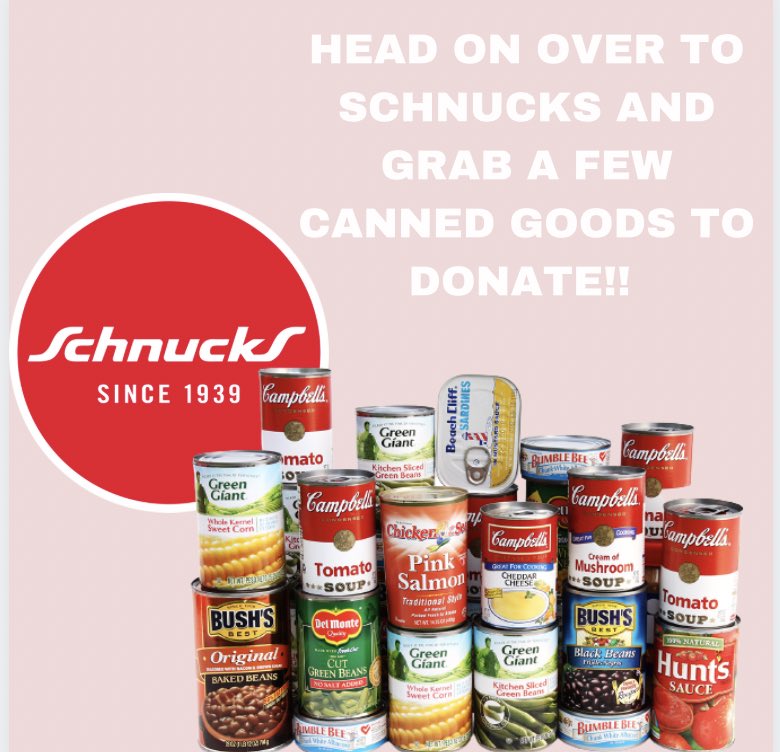 Make sure to help out and donate to the Parkway Holiday Cup! Check our Schnucks, Target, Dierbergs, wherever!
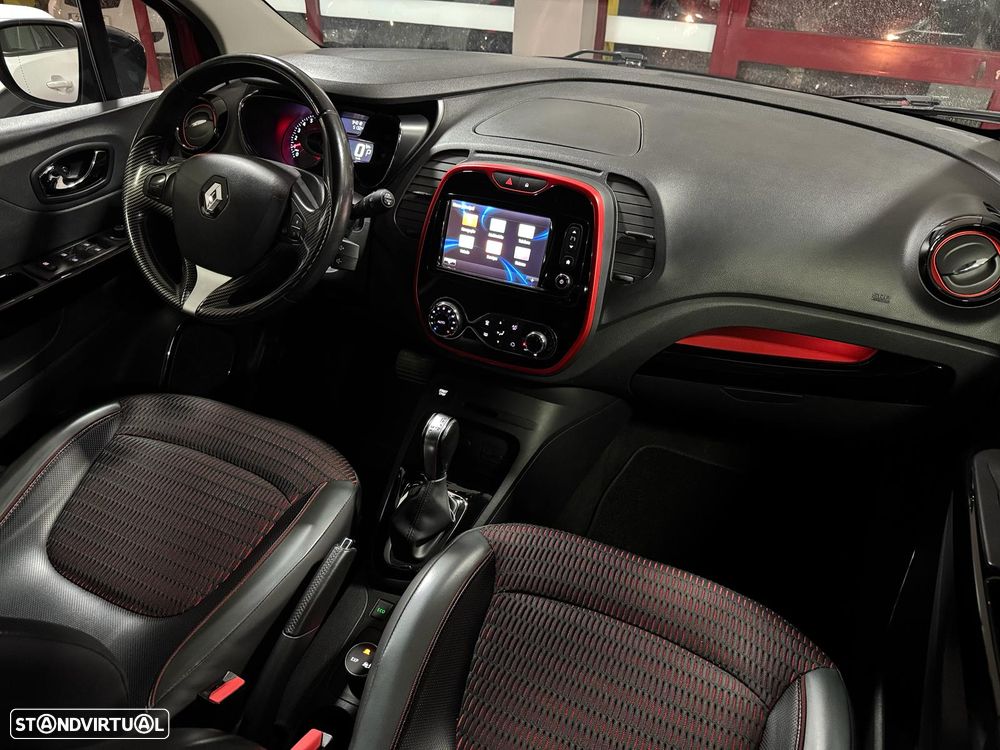 Renault Captur 1.2 TCe Exclusive XMOD EDC - 13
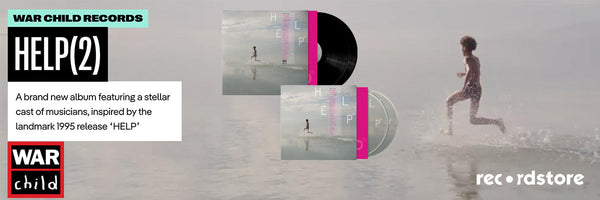 War Child Records presents HELP(2)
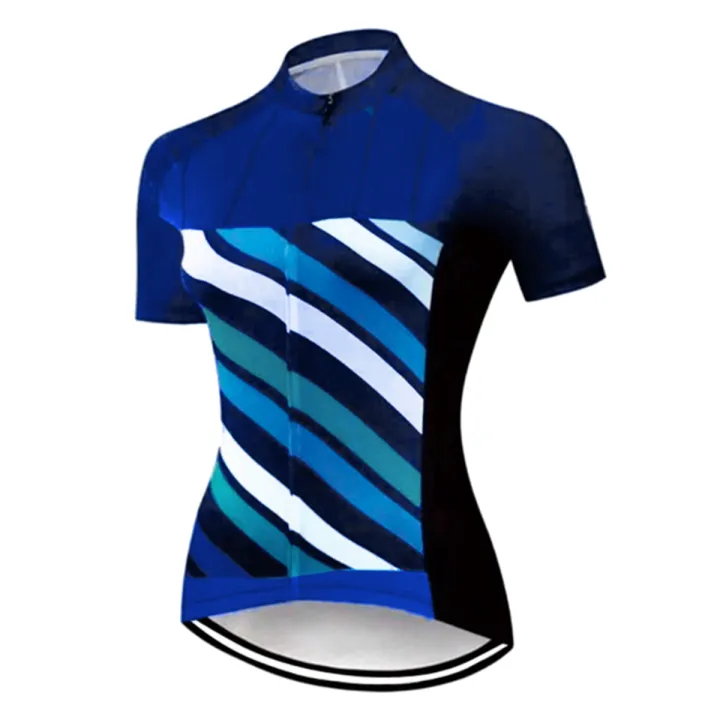 Cycling%20Jersey%20Women%20Bike%20Bicycle%20Top%20Mountain%20Road%20MTB%20Shirts%20Clothing%20-%20Image%202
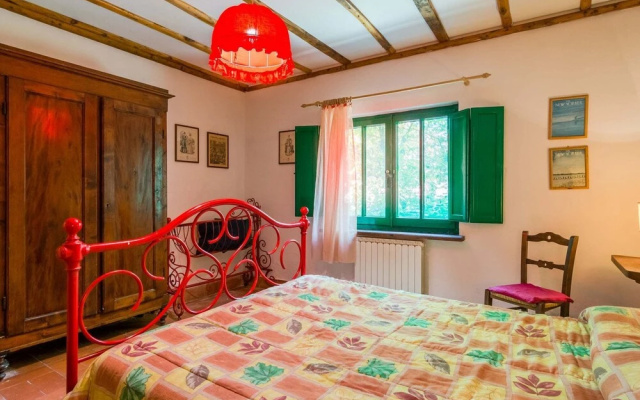 Spacious Holiday Home with Pool in Migliorini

• **Requirement**
Verbatim transcription needed, from the opening line of the entries above through the line containing "War Child Records presents HELP(2)"; pictures do not belong in it.

• **Solution for this problem**
 Make sure to help out and donate to the Parkway Holiday Cup! Check our Schnucks, Target, Dierbergs, wherever!
 Renault Captur 1.2 TCe Exclusive XMOD EDC - 13
 War Child Records presents HELP(2)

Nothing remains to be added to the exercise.